Tip of the Week
Many or most players use just a few simple serves, on the theory that if you have too many serve motions, you'll have trouble perfecting any of them, plus you'll have trouble learning and reacting to all the possible returns. (Surprisingly, two serves done with the same spin and placement but a different motion are often returned differently by opponents.) There's nothing wrong with doing it this way. I do urge players like this to have alternate "trick" serves to throw at their opponents as a variation, which both gives them "free" points as well as making their other serves more effective as the receiver has more serves to worry about.
However, there's another way to serve, which I call "cycling." What this means is that you constantly throw different serves at your opponent, essentially cycling through your entire repertoire, often almost in sequence. The goal is never to use the same serve twice in a row, and usually not even the same service motion twice in a row. Challenge the opponent with every variation you have, with as many service motions, spins, speeds, depths, and placements as possible. Your goal is to make them miss or pop up your serve. Try to fry their brain. Keep track of which serves give the opponent the most trouble, and recycle those serves more often than others. Use the most effective serves not just at the end of a close game, but throughout a game to make sure it isn't a close game. (Or to make a game you would have lost into a close game.)
I've always used this type of serving against some opponents, and recently I've taken to doing it more and more, with surprising effectiveness. Often I play entire games without using the same serve twice. While it's more effective at lower levels, it's surprisingly effective against many advanced players as well, as long as you don't overdo the long serves. One key - you will have to practice your serves a lot to effective cycle your serves in this way. In particular, you need to serve low, and for short serves and serves where the second bounce should be near the end-line, the depth.
The Magic of Table Tennis
Here's a great video of table tennis clips, set to music (7:39). One of the best I've seen.

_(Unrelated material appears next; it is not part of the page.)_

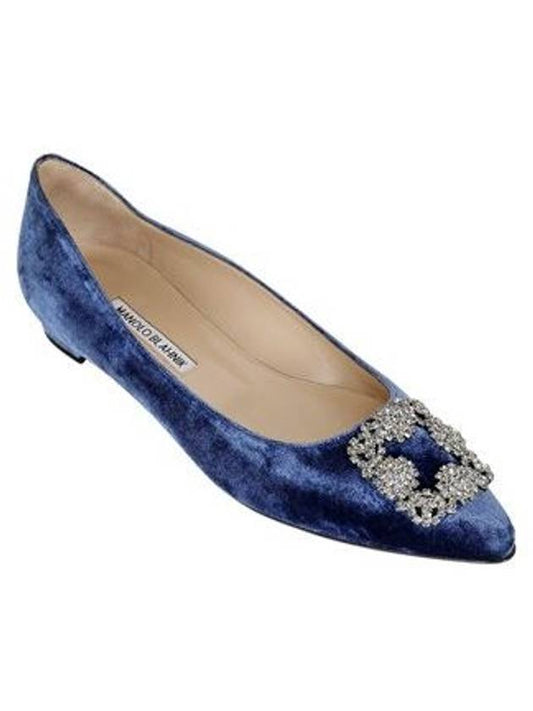 10MM HANGISI Swarovski velvet flat shoes - MANOLO BLAHNIK - BALAAN 1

Fierce ping-pong competition erupts outside Red Wings locker room
Sometimes, in the middle of a fight, a hockey game breaks out. In this case, in the middle of a hockey game (or at least after practice) a bunch of ping-pong games broke out. Here's a video (1:05) and article about the Detroit Red Wings playing table tennis. Players included Ty Conklin, Danny Cleary, Jiri Hudler, Brad Stuart, Patrick Eaves, and Nicklas Lidstrom.
In honor of Halloween, here are three table tennis Halloween videos!
- Michael Myers plays ping-pong (0:35) - he's a sore loser.
- Halloween ping-pong tournament (1:11) - features Scream, Mike Wazowski (the one-eyed green thing from "Monsters, Inc.," Dude in Robe
- Horror-ble ping-pong (1:03) - features Death versus the Evil Pumpkin
The Official Table Tennis Nation Halloween Costume Guide 2011
Who do you want to be for Halloween? Marty Reisman? Forrest Gump? Christopher Walken? Susan Sarandon? These are all great possibilities, and the site gives step-by-step instructions for each of these costumes.
Susan Sarandon Trick Shot Video
Since some of you might be dressing up as Susan Sarandon for Halloween (see segment above), this is the perfect time to bring you the Susan Sarandon Trick Shot Video (1:08). Yes, it features Susan Sarandon and her ping-pong bag of tricks.